HDTVs, projectors, and surround sound systems.
Scott is getting questions about 4K and if it's a good idea to buy an A/V receiver to get ready for it. Scott says no, because no standards have been settled yet. And why are there so many 4K TVs out? Scott says that the TV manufacturers even caught Hollywood off guard, and even though there's some great deals out there for 4K TVs, the odds are they won't be supported in the adopted standards once they do come out. Not only that, but according to Joe Kane, the 4K TVs are just HDTVs with 4x more pixels.
Sam is looking for a Blu-ray player for the grandkids. Leo says that blu-ray and DVD players are fairly inexpensive. What Leo says may be a better option is to get them a Playstation or Xbox One. They come with blu-ray drives built in. But if he just wants to get the player itself, there really isn't a difference between them at this point.
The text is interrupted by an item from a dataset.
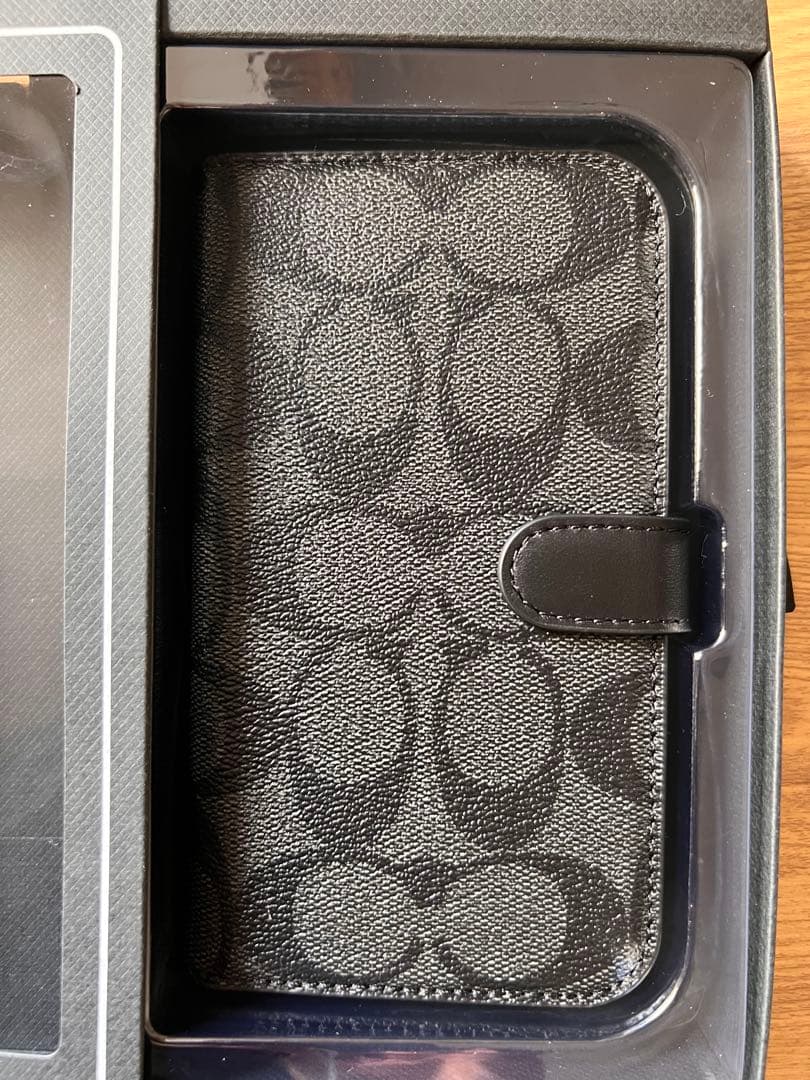 COACH 手帳型ケース ブラック iPhone 13 14対応　新品未使用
Jay thinks that the AppleTV is too long in the tooth and is thinking about using Plex instead. Can he use it and still watch stuff bought on iTunes? Leo says no. They're all copy protected so he can only play them back on iTunes or an Apple device. This drives Leo nuts because pirates know how to defeat it. But having said that, Plex is great.
Scott says that going to a live concert should be the benchmark for comparison of recorded music. There is nothing like a live performance for hitting the listener more on an emotional level. In fact, data shows that the brain is more active listening to live music than an mp3 which tosses out 90% of the audio quality. A high end audio company called Meridian has just announced a new technology that will provide "master quality authenticated" capture to make sure listeners hear exactly how the music was recorded and mixed.
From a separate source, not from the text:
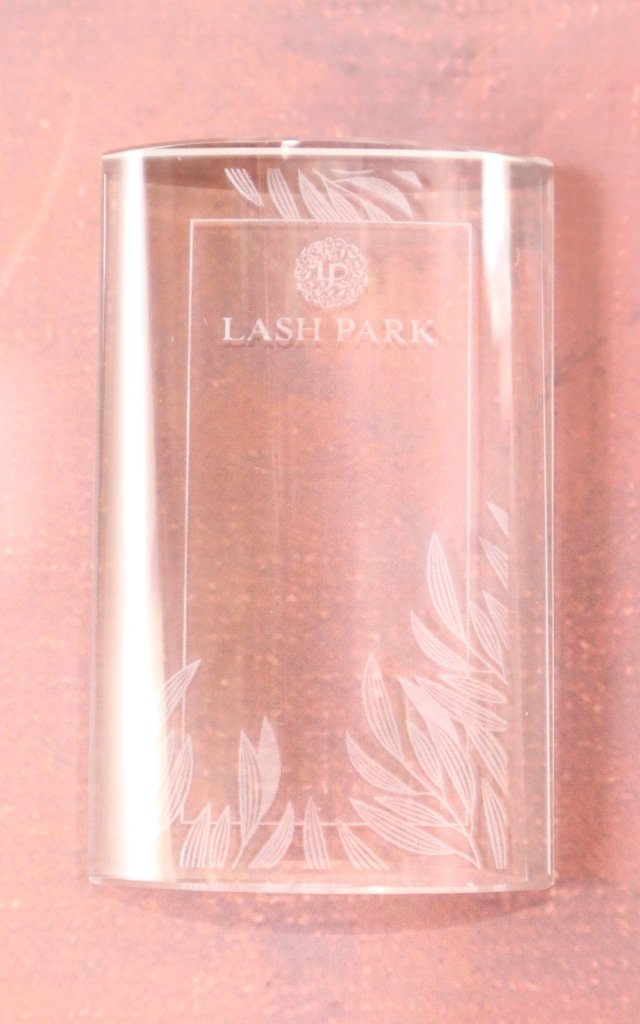 ラッシュプレート　円弧形　クリスタルの画像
Bob wants to know when Netflix is going to replace Silverlight. Leo says that Microsoft dropped support for Silverlight a long time ago, and Netflix is slowly starting to change to HTML5, but it's not fast enough for most of us. Bob says that Silverlight goes away from time to time and it's frustrating. It has happened on the Mac. But for Windows, I.E. 11 uses HTML5. Since Bob uses XP Pro, he can't even use that. He's stuck at IE8. Leo says it's really time to get a new computer. The Chrome browser may be an option.
Darren feels like Plasma TVs going away is like watching vinyl dying all over again. With both Pioneer and Panasonic out of the game, where can he find a plasma now? Leo says that nothing looks as good as plasma, but everyone bought LCDs. Companies just have to follow the demand, and LG is the last man standing. Darren could still find a few Panasonic VT or ST models, but they're getting harder and harder to find and they're really expensive. So that leaves last year's Samsung, and LG.
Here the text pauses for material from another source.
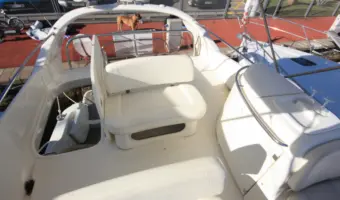 Fly seating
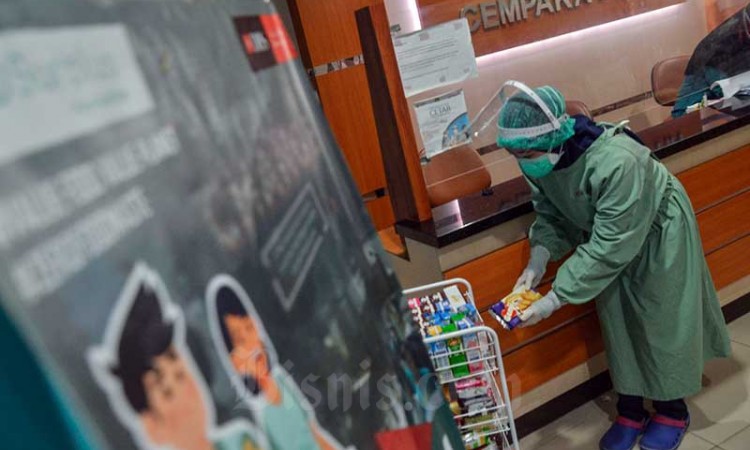 Bank DBS Indonesia Bersama Surplus Indonesia Berikan Donasi Kepada Nakes di Jakarta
Charlie would like to get a sound bar for his home theater since he lives in an apartment complex, but he also wants to use it for music. Leo says that the Sonos System is ideal for this, but it's not cheap. It can connect to his TV and he can also use it for music. It's very flexible to tie in his iPhone or iPad as well. It's equivalent to the Bose, which could cost a bit more. Leo loves them, and he has several in the house. And what's really cool is that he could connect it to his stereo and it becomes another Sonos outlet.
Joe has several high resolution audio downloads and would like to burn them to CD. He has an SACD player and also a DVD-A player, but he doesn't have a high resolution player like the Pono. Leo says that SACD and DVD audio were two formats created to deliver higher quality than CD. In most cases, it was for surround sound and other features, but it could be higher bit rate. But unless he could make that CD, the fact that he can play it back doesn't really help him here.
Oscar wants to get the Roku 3 and run it through his home theater, but he doesn't have any available HDMI ports. Leo says that's a problem. That means he'll need an HDMI switcher, and frankly, they don't work as well. The Giz Wiz says that the Monoprice HDMI switcher works great.
Joe is moving to Uruguay and he's finding that he can't use Netflix or other streaming video services there. This is just because many of the popular streaming services don't work in all countries. If he had a house in the US with a cable subscription, he could use HBO Go, or Time Warner cable's app.
ScooterX says that Netflix is in Uruguay now, but it'll be a limited catalog. Could he Slingbox with a friend's account? Leo says that would be one way to do it.